If the answer is yes, then I would encourage you to challenge your budget process.

Here are some ideas to help ensure that the budget plays an appropriate role in the planning and management of a staffing business.

Respect its limitations: Even in stable economic times trying to predict company performance over a twelve month period is next to impossible, but that is exactly what many budgets attempt to do.  By respecting the accuracy limitations of the budget, it becomes clearer how the budget should be used as a business tool.

Focus its purpose: There are different legitimate reasons to create a budget, but you need to question the purpose of your budget.  Do you want to use it to prioritize your short and long term investments, benchmark compensation, drive innovation, or provide an accurate initial forecast?  If you say all of the above, then it’s likely that your budgeting process will have contradictions that will undermine its accuracy and long term usefulness.

Manage investments separately: Whether or not a company decides to make a major investment should not be decided solely by an artificial budget schedule.  By relying too much on the budget framework managers can lose their initiative for new investments or make investments that are no longer appropriate.  Instead, justify each investment separate from the budget with a solid business case backed up by a targeted ROI.

Minimize the link between budget and compensation: Unless the purpose of the budget is to solely provide benchmarking for compensation, then the link between the two needs to be minimized.  The reason is simple.  Regardless of your intent around the budgeting process, if it’s linked too strongly to compensation then that will dominate all aspects of its creation.  The budgeting process will begin and end as a compensation negotiation.
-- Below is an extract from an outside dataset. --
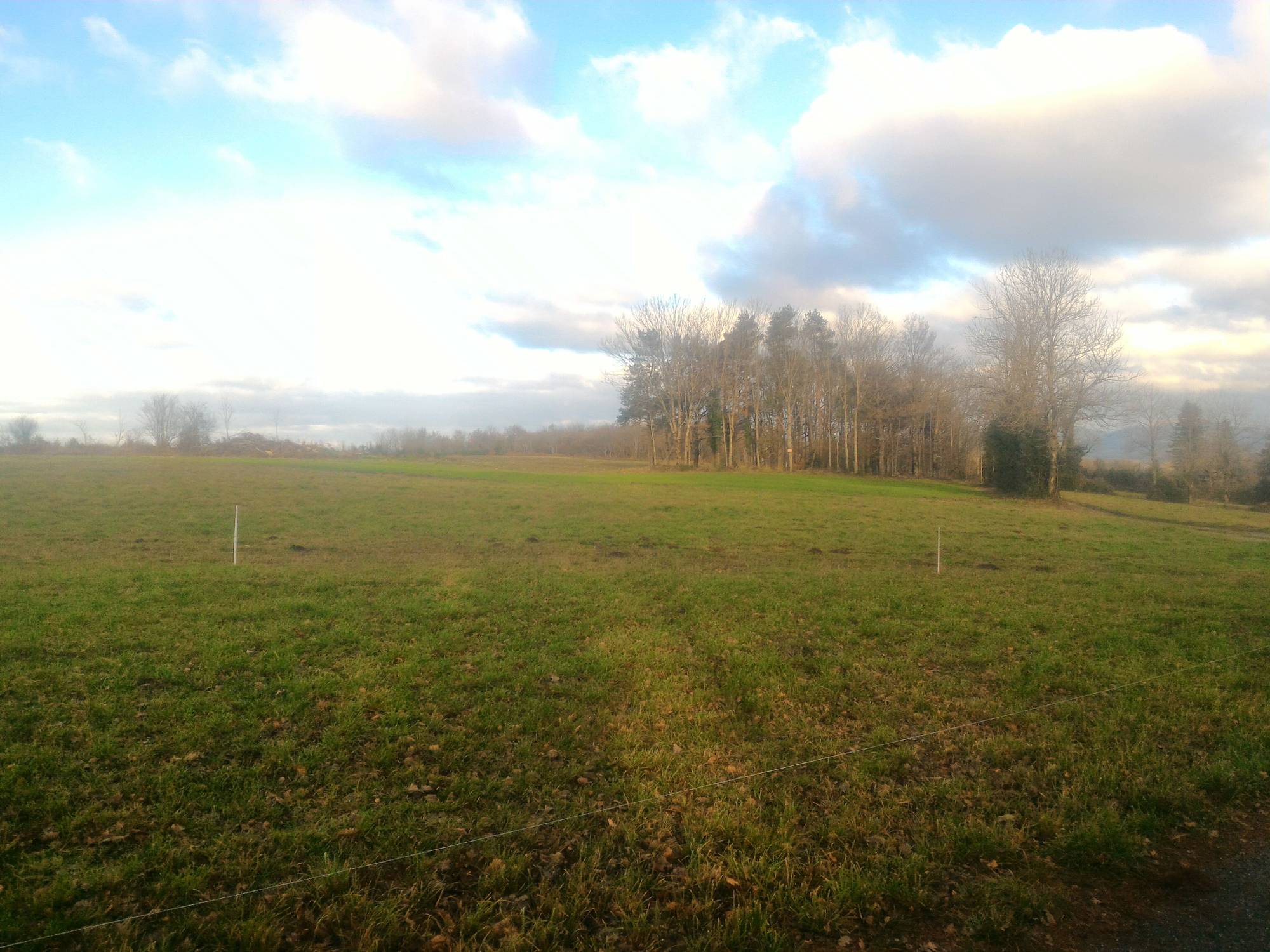 La pierre plantée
Incorporate Rolling Forecasting: While it may be interesting to see how close you are to budget next September it doesn’t tell you much beyond that.  Conversations around the financial trends of an organization need to reach beyond the difference between budget and actual.  Instead create rolling forecasts that incorporates the facts on the ground with updated projections of financial performance.  You will have more accurate financial projections while at the same time encourage productive business conversations among the management team.

In the end, budgets influence behavior, but whether that influence helps the company become more competitive is a hit or miss proposition.  By taking a step back and questioning the budgeting process, managers may find new ways to measure their business and motivate their team outside the boundaries of an excel spreadsheet.